Basically, quality cost is classified into cost of conformance and cost of nonconformance.
1.         Cost of conformance
As Crosby (1979), noted cost of conformance or prevention cost are cost of all activities undertaken to prevent defects in design and development, purchasing, labour and other aspects of beginning and creating products or services.
2.         Cost of non-conformance.
Cost of non-conformance is all cost incurred because failure occurs, if there were no failure, there would be no requirement for appraisal and correcting activities. These costs are incurred as a result of either, not doing the right job, or not completing an activity right. Non-conformance cost includes:
          Appraisal Cost
          Internal Failure Cost
          External Cost
Appraisal cost
Crosby (1979) described appraisal cost as cost incurred while conducting inspection test and other planned evaluation used to determine whether produced hardware, software or services conform to their requirements. An example includes prototype inspection and test, production specification conformance analysis, supplier surveillance, receiving inspection and test.
Internal Failure Cost
According to Montgomery (1979), internal failure costs are cost incurred when products components materials and services fails to meet quality requirements and failure is discovered prior to delivery of the product to the customer. Example includes scrap, rework, reset, failure analysis and downgrading.
External Failure Cost
External failure cost occurs when the product does not perform satisfactorily after it is supplied to the customer. Example includes complaint adjustment, return products/materials and warranty charges.

The Commitment To Employee Ownership
Total quality management recognizes the contribution which every employee can make and therefore seek to harness the skill and enthusiasm of every one in the organization.

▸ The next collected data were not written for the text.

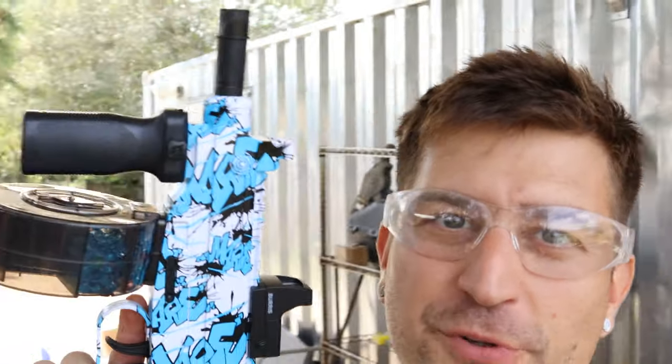This is by far the weakest shooting gel blaster I've used in a very long time. Gel blaster number two is a submachine gun — we're going to go ahead and test this thing out right now.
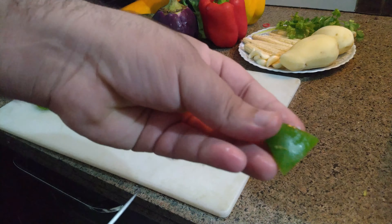At last I have taken fresh coriander — we will simply chop it.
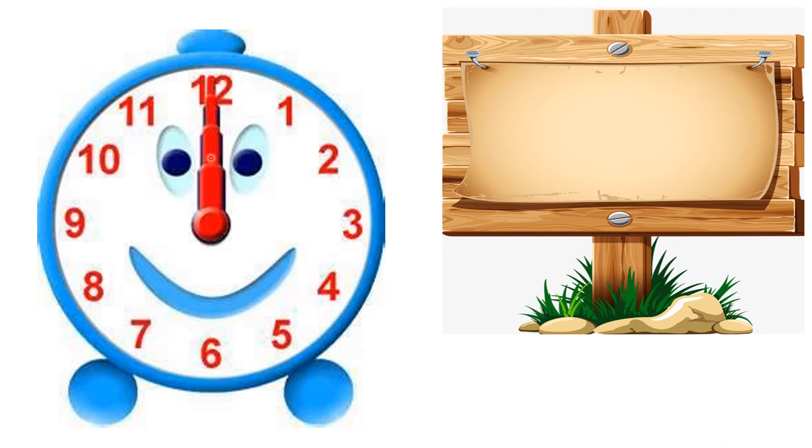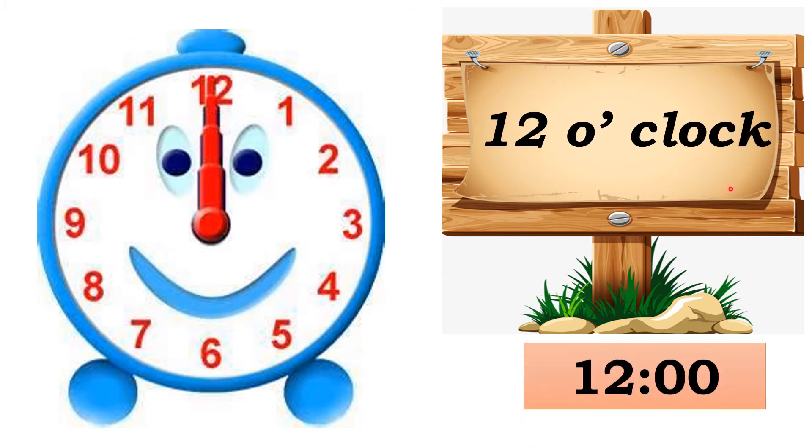Now see how to calculate the time. When the minute hand points at 12, the hour hand tells us what time it is. See here, both the minute hand and the hour hand are at 12, so the time is 12 o'clock.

Paluchowski (1998) noted that a company will get to no where if all thinking is left to management, the attainment of quality objectives is therefore “everybody’s” job, from top management to the foreman. This means that TQM commits the organization to tap into and rely heavily on the creative abilities of all the employees which otherwise would remain dormant. TQM empowers every all employee to take part in taking decisions that were taken previously only by the managers.